> _EXERCISE DATA_
# # # # #
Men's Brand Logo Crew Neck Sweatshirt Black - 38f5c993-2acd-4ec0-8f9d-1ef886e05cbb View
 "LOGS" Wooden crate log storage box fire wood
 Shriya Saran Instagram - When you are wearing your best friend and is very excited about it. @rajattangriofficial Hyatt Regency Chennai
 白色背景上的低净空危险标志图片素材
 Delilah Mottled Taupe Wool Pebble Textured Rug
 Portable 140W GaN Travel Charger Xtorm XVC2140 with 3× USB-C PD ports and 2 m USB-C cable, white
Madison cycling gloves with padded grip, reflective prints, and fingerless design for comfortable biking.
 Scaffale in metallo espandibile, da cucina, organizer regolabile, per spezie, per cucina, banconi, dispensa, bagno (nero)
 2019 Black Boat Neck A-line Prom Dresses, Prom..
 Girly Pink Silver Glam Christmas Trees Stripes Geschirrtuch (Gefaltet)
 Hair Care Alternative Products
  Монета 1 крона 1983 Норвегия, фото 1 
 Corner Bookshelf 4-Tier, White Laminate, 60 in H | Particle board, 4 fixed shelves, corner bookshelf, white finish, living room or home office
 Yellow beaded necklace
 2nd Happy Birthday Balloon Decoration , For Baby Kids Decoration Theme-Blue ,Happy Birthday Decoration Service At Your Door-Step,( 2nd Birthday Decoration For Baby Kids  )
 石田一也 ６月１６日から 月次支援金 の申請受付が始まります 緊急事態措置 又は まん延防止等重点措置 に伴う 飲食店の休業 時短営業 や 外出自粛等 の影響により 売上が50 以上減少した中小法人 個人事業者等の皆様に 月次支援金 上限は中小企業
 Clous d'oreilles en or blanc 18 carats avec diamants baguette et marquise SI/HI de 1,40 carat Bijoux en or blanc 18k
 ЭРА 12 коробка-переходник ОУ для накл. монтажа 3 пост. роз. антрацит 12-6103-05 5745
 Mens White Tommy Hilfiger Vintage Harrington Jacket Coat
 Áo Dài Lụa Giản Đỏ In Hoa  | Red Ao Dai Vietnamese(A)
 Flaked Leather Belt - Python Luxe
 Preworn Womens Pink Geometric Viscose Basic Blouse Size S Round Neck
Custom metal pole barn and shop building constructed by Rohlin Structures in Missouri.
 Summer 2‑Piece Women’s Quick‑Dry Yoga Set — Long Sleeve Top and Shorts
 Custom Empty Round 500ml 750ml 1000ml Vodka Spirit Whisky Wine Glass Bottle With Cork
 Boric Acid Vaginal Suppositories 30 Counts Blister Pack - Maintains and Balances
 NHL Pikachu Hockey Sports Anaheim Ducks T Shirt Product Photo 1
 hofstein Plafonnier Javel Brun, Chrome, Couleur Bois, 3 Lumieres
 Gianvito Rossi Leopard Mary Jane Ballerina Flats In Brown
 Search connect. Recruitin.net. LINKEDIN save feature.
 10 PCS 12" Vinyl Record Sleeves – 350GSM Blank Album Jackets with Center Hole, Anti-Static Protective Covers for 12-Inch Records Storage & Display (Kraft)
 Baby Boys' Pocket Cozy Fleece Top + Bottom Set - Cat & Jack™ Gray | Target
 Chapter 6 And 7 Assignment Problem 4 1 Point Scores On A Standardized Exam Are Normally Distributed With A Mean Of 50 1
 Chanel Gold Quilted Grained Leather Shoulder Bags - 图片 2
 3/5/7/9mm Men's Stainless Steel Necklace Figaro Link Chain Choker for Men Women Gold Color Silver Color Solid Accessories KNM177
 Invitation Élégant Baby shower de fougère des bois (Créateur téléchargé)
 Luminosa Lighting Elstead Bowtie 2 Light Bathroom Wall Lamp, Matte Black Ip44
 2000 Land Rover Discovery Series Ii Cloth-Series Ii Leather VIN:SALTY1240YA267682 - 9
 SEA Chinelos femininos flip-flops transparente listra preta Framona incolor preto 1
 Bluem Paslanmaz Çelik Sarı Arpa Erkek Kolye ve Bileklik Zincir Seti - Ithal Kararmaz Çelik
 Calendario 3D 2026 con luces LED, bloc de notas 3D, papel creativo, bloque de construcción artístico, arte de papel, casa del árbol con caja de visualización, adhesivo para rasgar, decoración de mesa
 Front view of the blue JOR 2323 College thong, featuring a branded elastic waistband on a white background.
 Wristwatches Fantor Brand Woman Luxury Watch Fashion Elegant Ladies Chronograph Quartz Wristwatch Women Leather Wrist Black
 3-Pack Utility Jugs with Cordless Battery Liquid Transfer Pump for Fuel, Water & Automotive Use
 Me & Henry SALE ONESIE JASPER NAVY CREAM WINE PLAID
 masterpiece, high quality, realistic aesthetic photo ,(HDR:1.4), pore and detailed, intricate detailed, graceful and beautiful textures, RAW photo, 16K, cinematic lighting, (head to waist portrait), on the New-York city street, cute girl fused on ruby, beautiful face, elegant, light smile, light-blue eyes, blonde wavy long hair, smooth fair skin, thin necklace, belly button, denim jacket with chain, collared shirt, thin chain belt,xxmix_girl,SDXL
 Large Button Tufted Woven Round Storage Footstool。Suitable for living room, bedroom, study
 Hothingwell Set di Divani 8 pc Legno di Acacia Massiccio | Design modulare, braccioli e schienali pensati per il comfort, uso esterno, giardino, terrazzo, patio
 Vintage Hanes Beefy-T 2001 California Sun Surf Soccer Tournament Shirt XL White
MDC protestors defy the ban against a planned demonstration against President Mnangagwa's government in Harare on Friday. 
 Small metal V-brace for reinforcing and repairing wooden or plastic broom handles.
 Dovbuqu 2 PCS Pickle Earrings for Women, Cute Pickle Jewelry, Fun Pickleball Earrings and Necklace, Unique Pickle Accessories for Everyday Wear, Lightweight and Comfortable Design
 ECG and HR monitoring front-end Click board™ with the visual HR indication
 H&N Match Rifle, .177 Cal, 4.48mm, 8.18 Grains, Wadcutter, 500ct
# # # # #
> _WORK TO COMPLETE_
Reproduce the lines of the entries above exactly, but only from the line containing "ECG and HR monitoring" through the final line.

> _SOLUTION_
 ECG and HR monitoring front-end Click board™ with the visual HR indication
 H&N Match Rifle, .177 Cal, 4.48mm, 8.18 Grains, Wadcutter, 500ct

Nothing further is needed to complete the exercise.